Context for question: My girlfriend who is studying to be a nurse asked me to explain the difference between radiation and convection in context of the above question.
My answer: Radiation is the emission of heat by all bodies as long as their temperature is above 0K. Which means that convection would be how the baby would be affected and not by radiation.
The problem: It seems there are several nursing books (such as this one ) and even a physics book that seems to agree that apparently there is "cold" radiation as well.
I don't get it, can you radiate "cold"? If someone can explain how a cold wall/cold bottle/ cold anything would affect the baby by radiation (and not by convection).
Answer
There is no such thing as cold radiation.
In the examples you link above, the issue is that the walls of the incubator are colder than the air or the baby. What actually happens in this situation is this: all objects radiate with a certain intensity which is based on their temperature (among other things). A baby in an incubator is constantly radiating energy away into the surrounding air and parts of the incubator; what keeps the baby warm is the fact that this same air and incubator radiate the same amount of heat back to the baby as the baby is losing. As long as this balance is maintained the baby can maintain its body temperature.
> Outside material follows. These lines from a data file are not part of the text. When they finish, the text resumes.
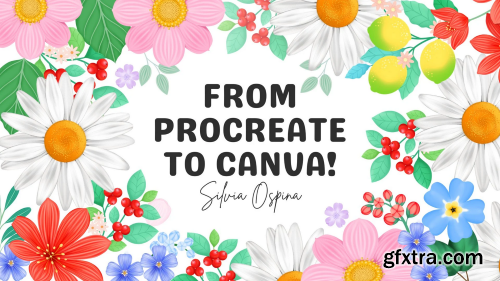 From Procreate to Canva: Turn Digital Illustrations into Botanical Designs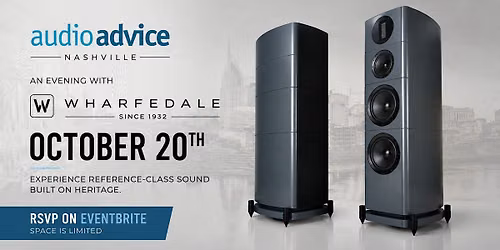 Wharfedale Listening Event - Audio Advice Nashville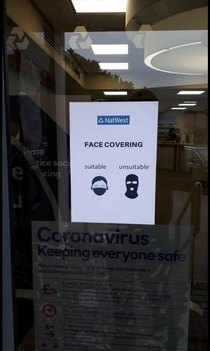 No balaclavas to be worn in the bank thank you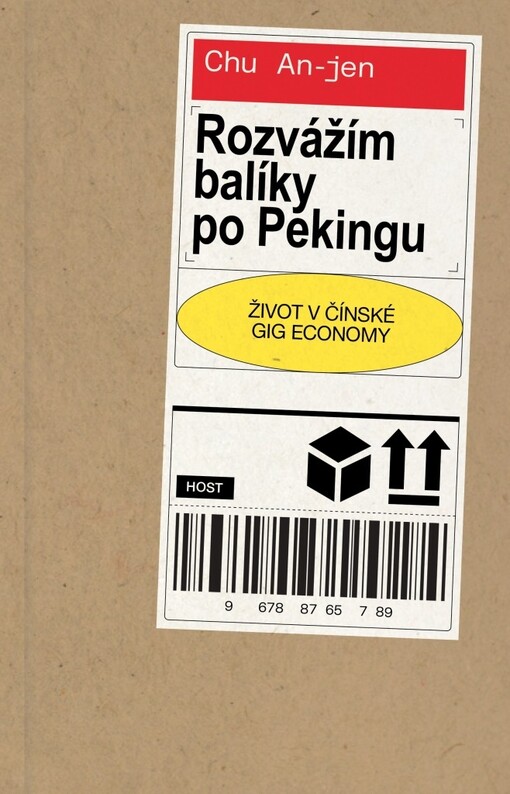 Rozvážím balíky po Pekingu: život v čínské gig economy / Chu An-jen - obálka knihy Rozvážím balíky po Pekingu: život v čínské gig economy / Chu An-jen - obálka knihy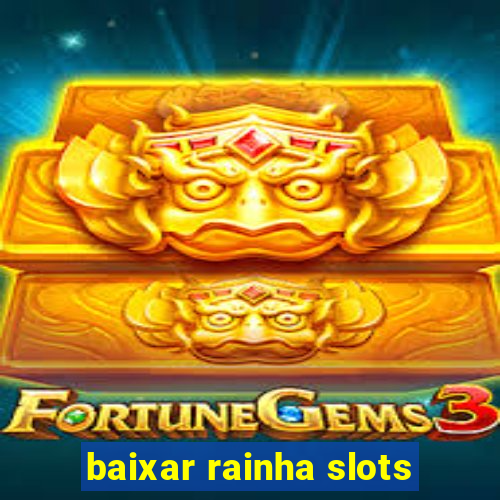 baixar rainha slots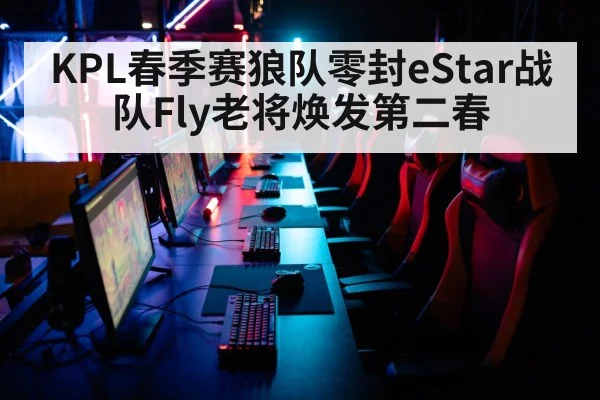 KPL春季赛狼队零封eStar战队Fly老将焕发第二春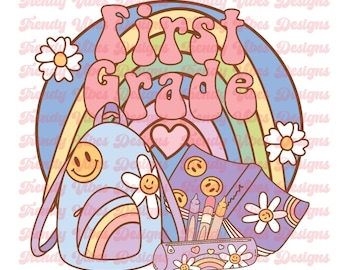First grade PNG digital download- Back to school, first day of school, PNG file for teachers and students t-shirts, sweaters, and more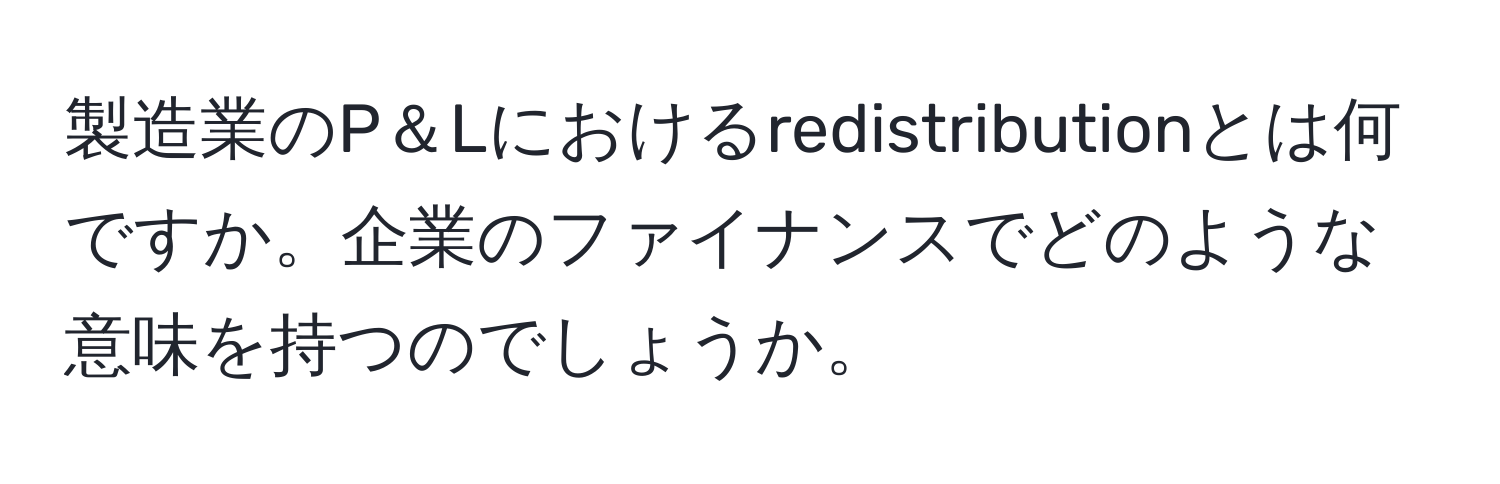 製造業のP＆Lにおけるredistributionとは何ですか。企業のファイナンスでどのような意味を持つのでしょうか。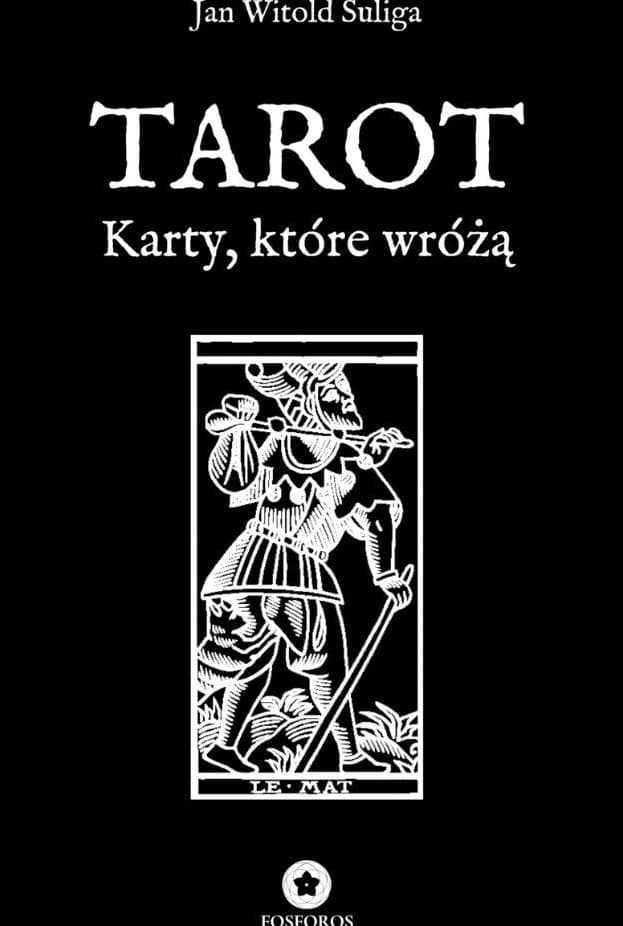 Tarot. Karty, które wróżą - Jan Witold Suliga. Przewodnik po symbolice i historii tarota.
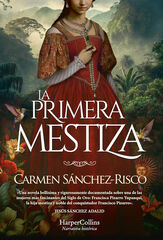 La primera mestiza La primera mestiza
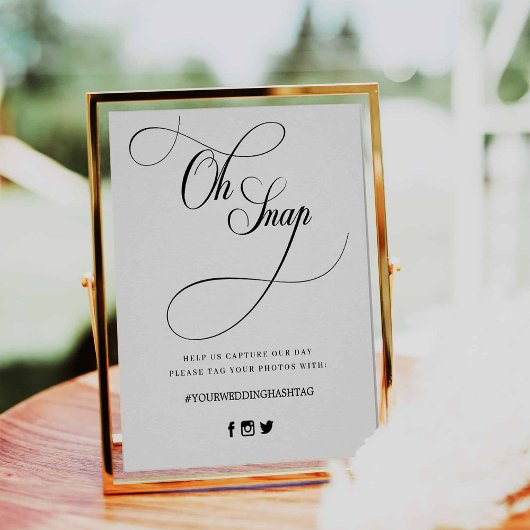 Modern Script Wedding Oh Snap Hashtag Sign Poster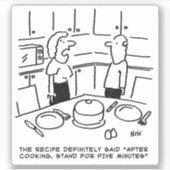 Ehefrau Stehend nach dem Kochen. Funny Aufkleber (Vorderseite)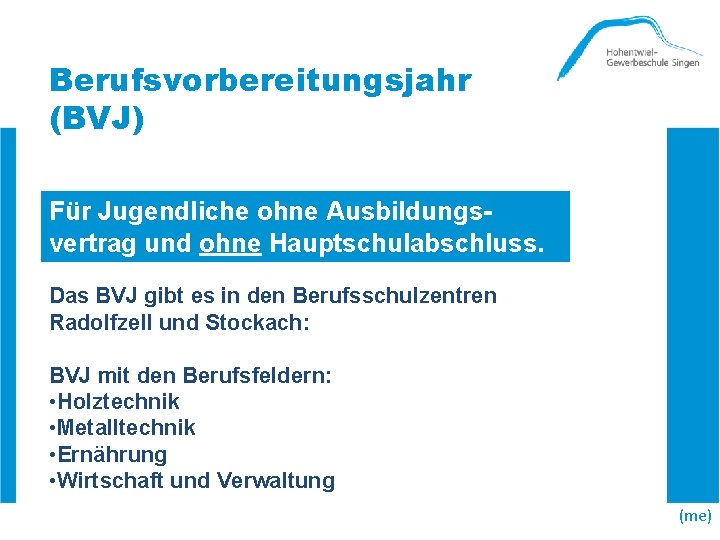 Berufsvorbereitungsjahr (BVJ) Für Jugendliche ohne Ausbildungsvertrag und ohne Hauptschulabschluss. Das BVJ gibt es in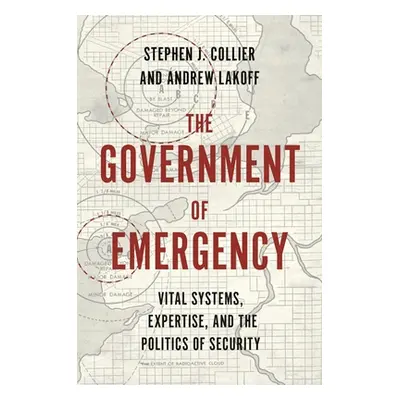 "The Government of Emergency: Vital Systems, Expertise, and the Politics of Security" - "" ("Col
In the case of the cold incubator wall, the situation is not that the incubator wall radiates cold to the baby but that the baby continues to radiate energy away (which it would be doing no matter where in the incubator it was at) but because the wall of the incubator is cold (in some relative sense) the amount of energy being radiated by the incubator wall back on to the baby is lower than would be if the wall was warm. Because of this, the baby radiates away more energy than it is receiving from its surroundings (because the wall isn't radiating as much because of its lower temperature). Thus the baby cools down.